Paukenschlag bei Inter: Superstar Icardi wird Kapitänsbinde entzogen und steht nicht im Kader 

Zu einem kräftigen Paukenschlag kam es bereits am Tag vor dem Spiel. Kapitän Mauro Icardi, der sich mit Inter zurzeit im Clinch befindet, weil er seinen Vertrag nicht verlängern möchte, musste seine Kapitänsbinde abgeben und steht auch nicht im Aufgebot für das morgige Duell gegen Rapid. „Natürlich kann das intern in der Mannschaft einiges auslösen“, glaubt Stefan Schwab zu wissen. „Es gab schon in der Vergangenheit immer wieder Probleme mit ihm. Jetzt wird der Verein reagiert haben“, so Schwab, der bei einer gelben Karte für das Rückspiel gesperrt wäre. 

Inters 19-Mann-Kader für das morgige Spiel

Fehlen von Icardi spielt für Kühbauer keine große Rolle 

„Natürlich sind wir jetzt Favorit“, scherzte der Burgenländer, der jedoch schnell wieder ernst wurde und dem Fehlen von Icardi keine große Bedeutung zuschreiben wollte: „Ich denke, dass sie einen anderen Spieler finden werden, der gut performen kann.

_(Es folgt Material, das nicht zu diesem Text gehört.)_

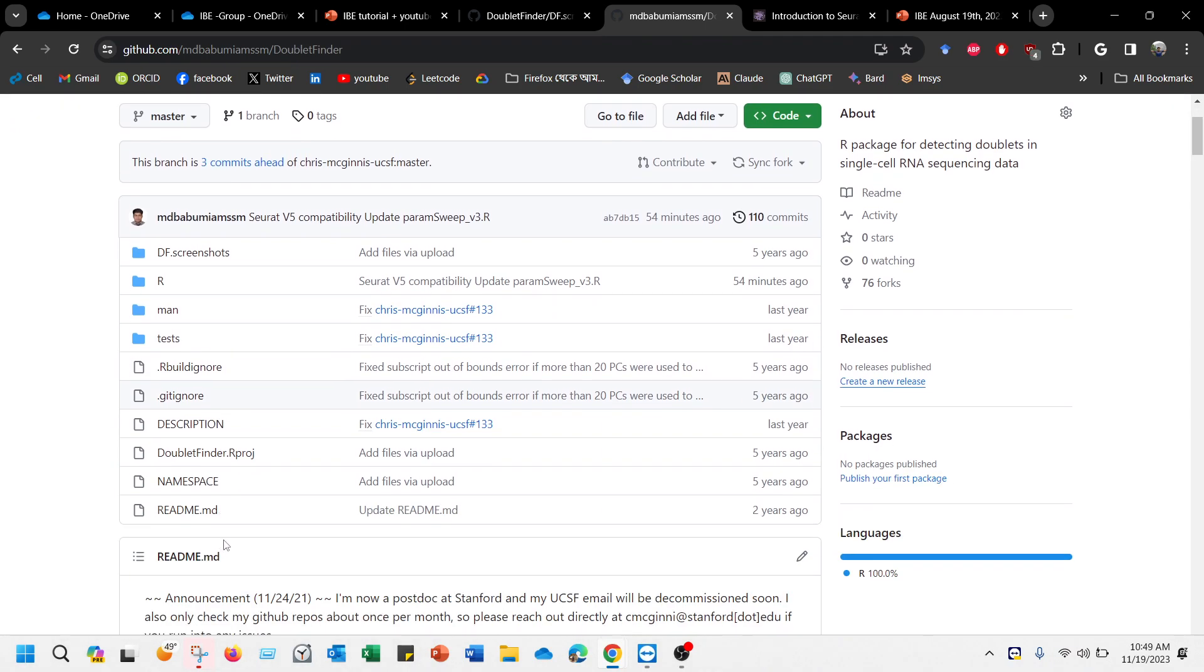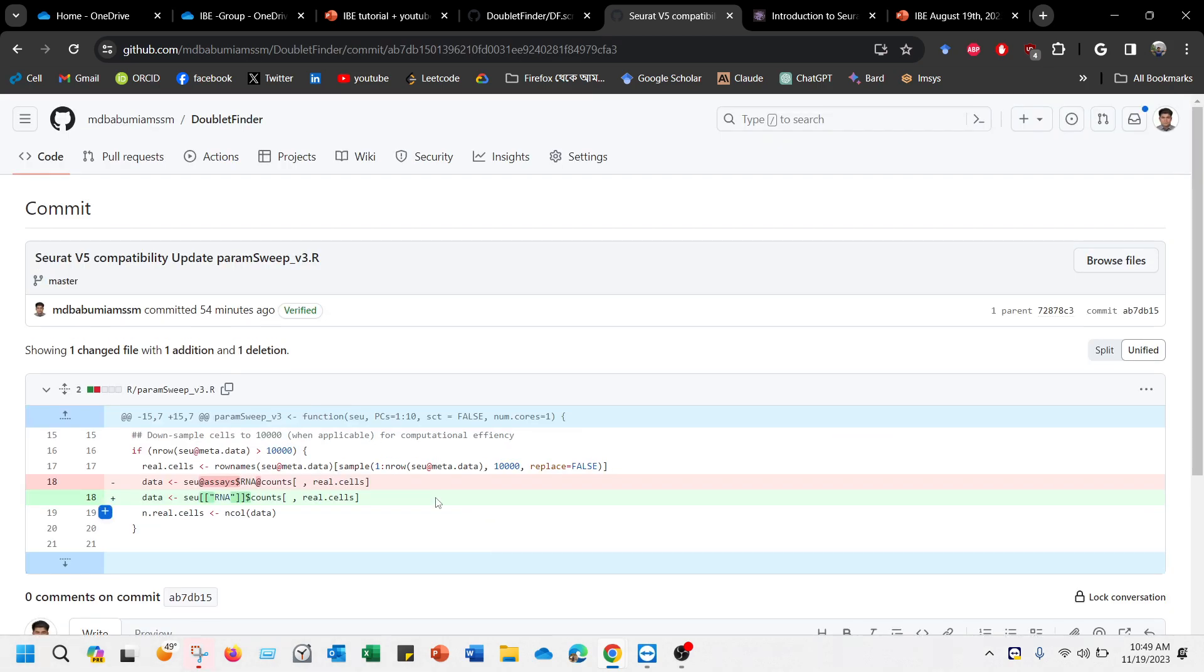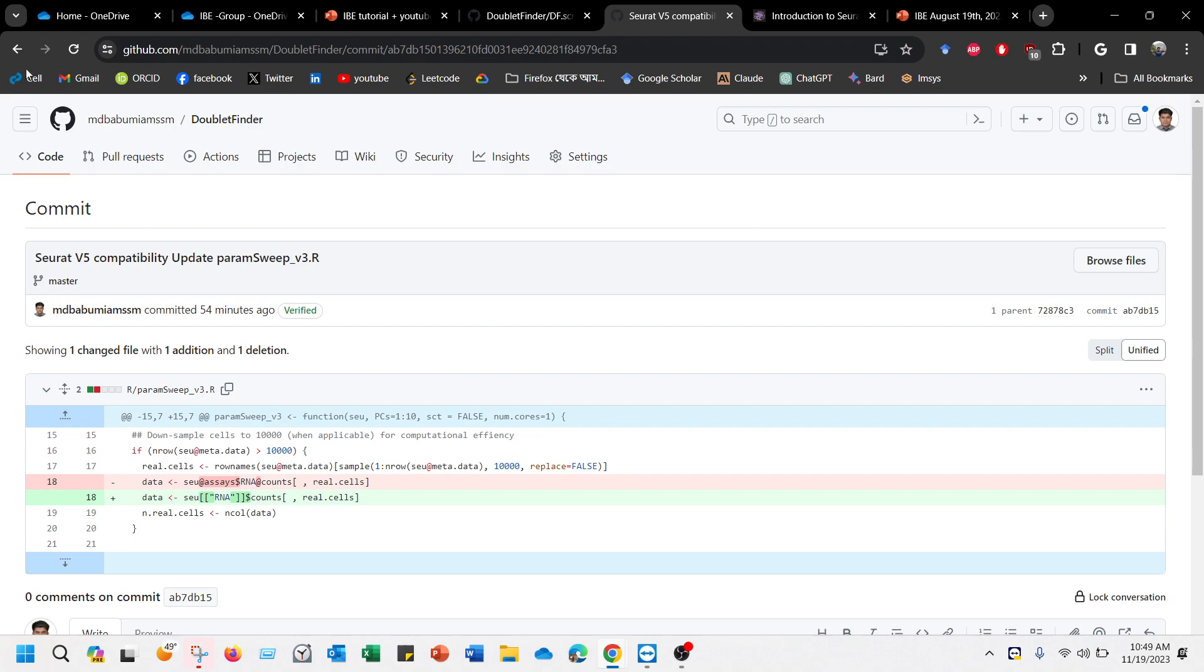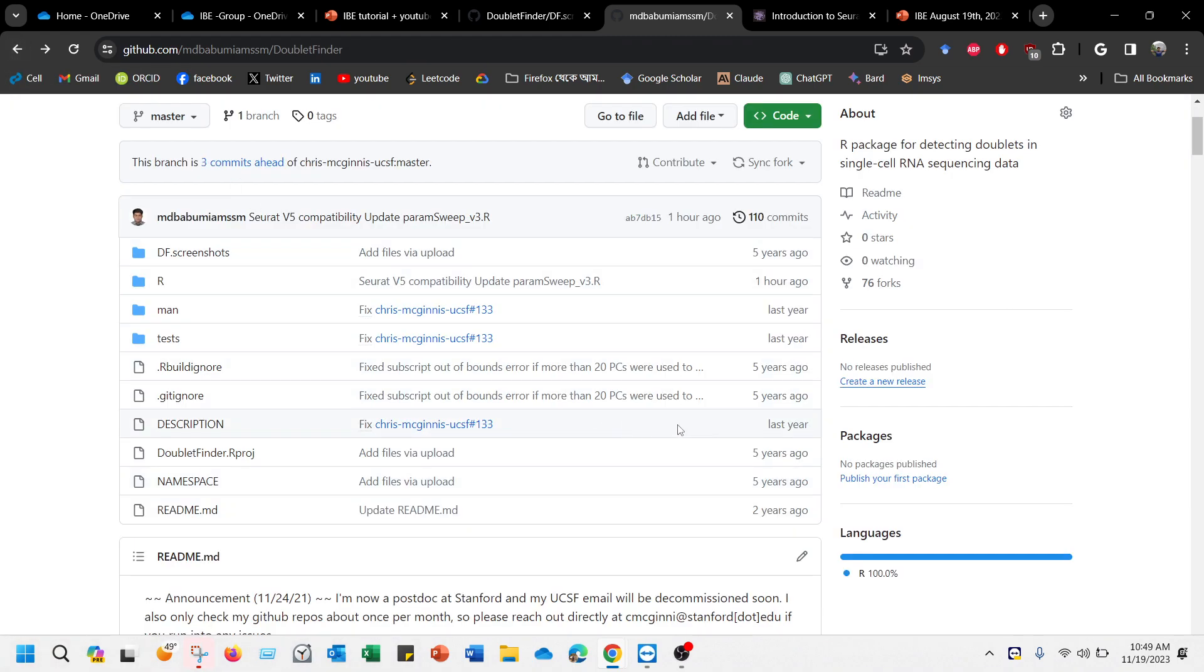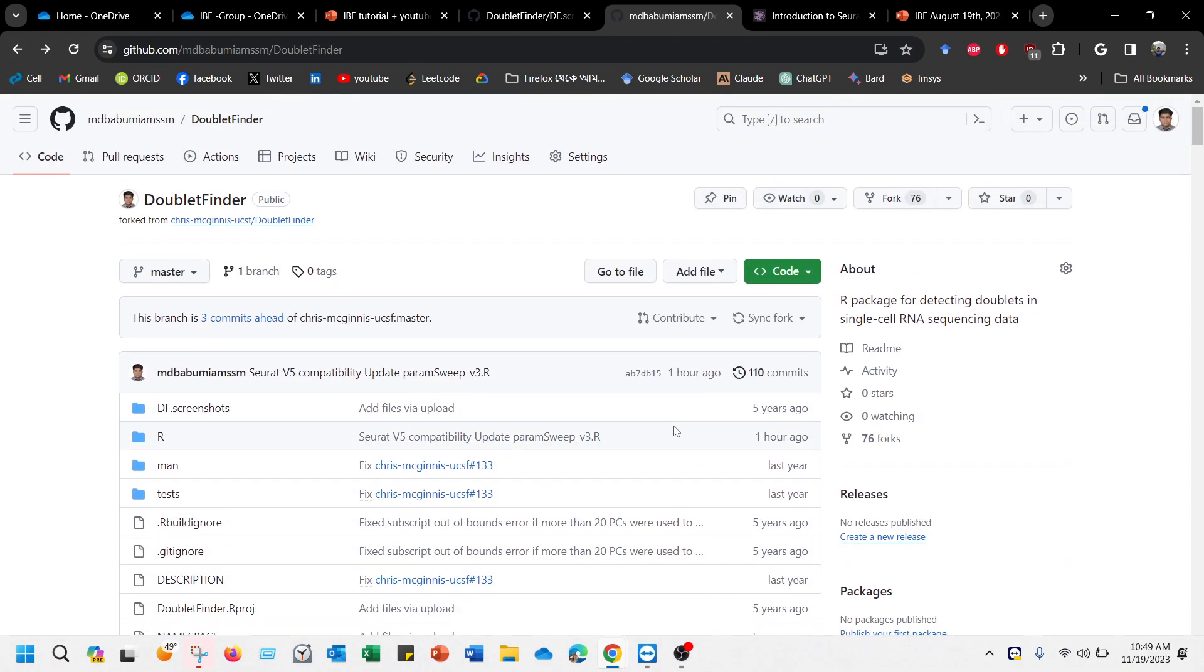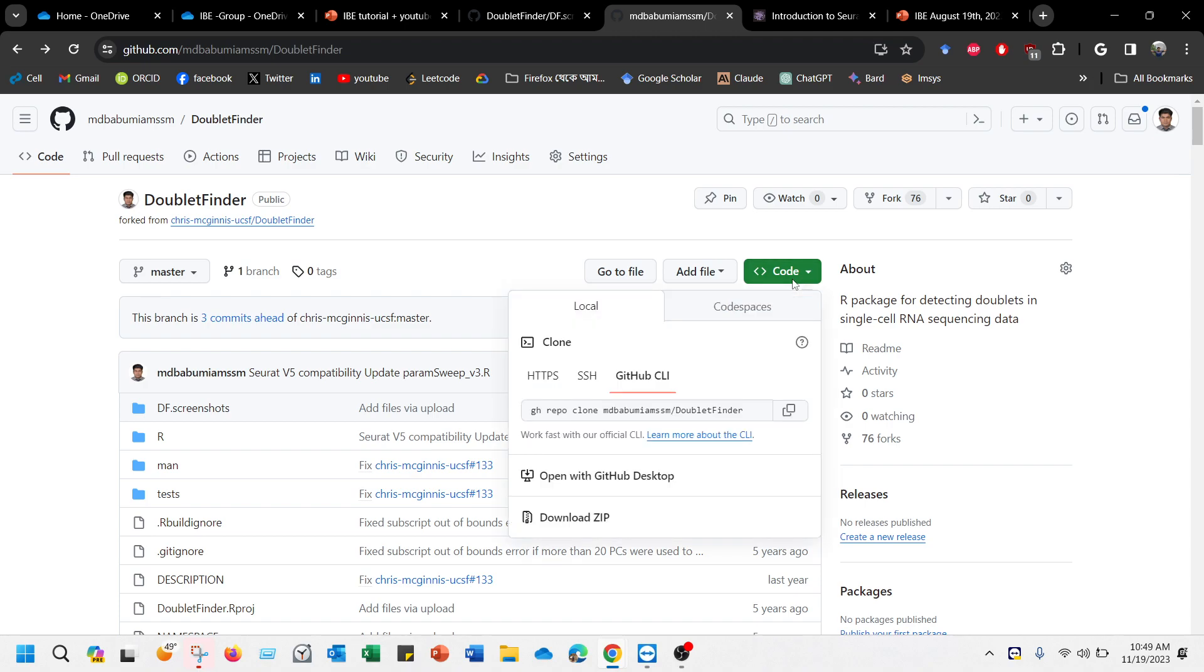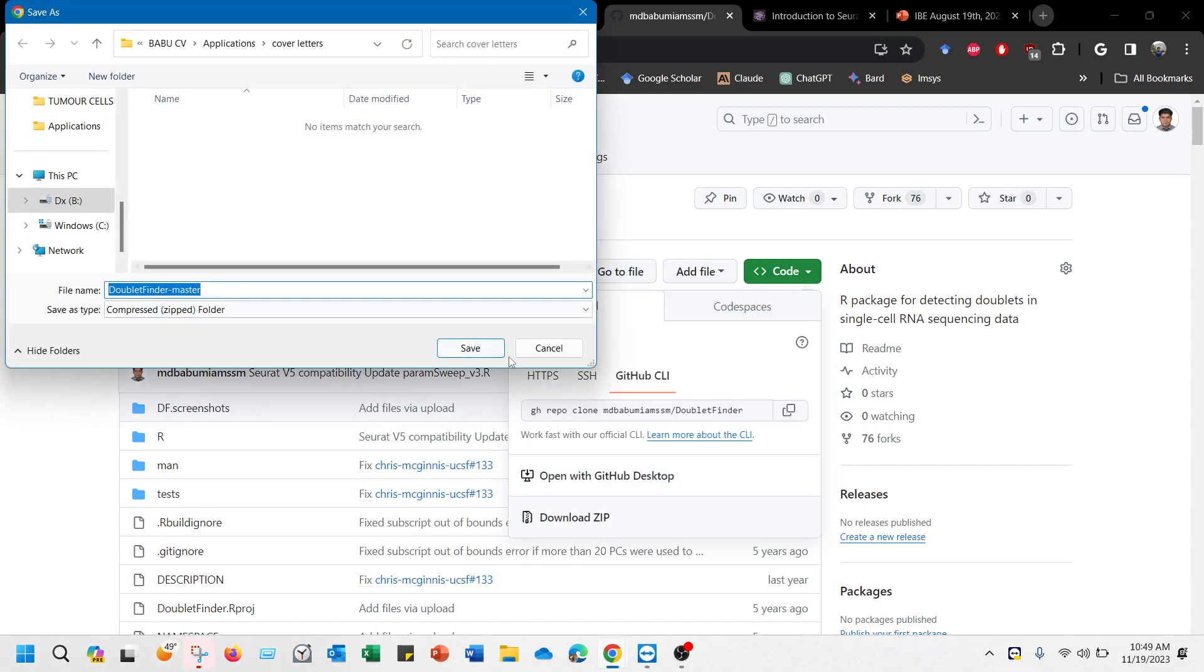Whatever the issue was, it's solved. So if you want to now use it without having any problem with your Seurat version 5, what you need to do is come to this GitHub account, then just download it.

Für uns wird entscheidend sein, dass wir keine Namen, sondern eine Mannschaft bekämpfen“, stellt der 47-jährige Burgenländer klar.

Ausverkauftes Haus garantiert tolle Stimmung 

Für das morgige Highlight gibt es seit Wochen keine Karte mehr zu erwerben. Erstmals in der Geschichte gab es im freien Verkauf kein einziges Ticket mehr zu erwerben. „Das habe ich so noch nie erlebt“, freut sich Andy Marek, Klubserviceleiter des SK Rapid. Von den insgesamt 23.850 Fans sollen rund 2000 aus Italien anreisen. Ein Lob gab es indes seitens der UEFA. Der vor der Winterpause malträtierte Rasen wurde in den letzten Wochen mit Spezialmaschinen in einen perfekten Zustand versetzt. Einem Fußballfest steht demnach nichts mehr im Wege.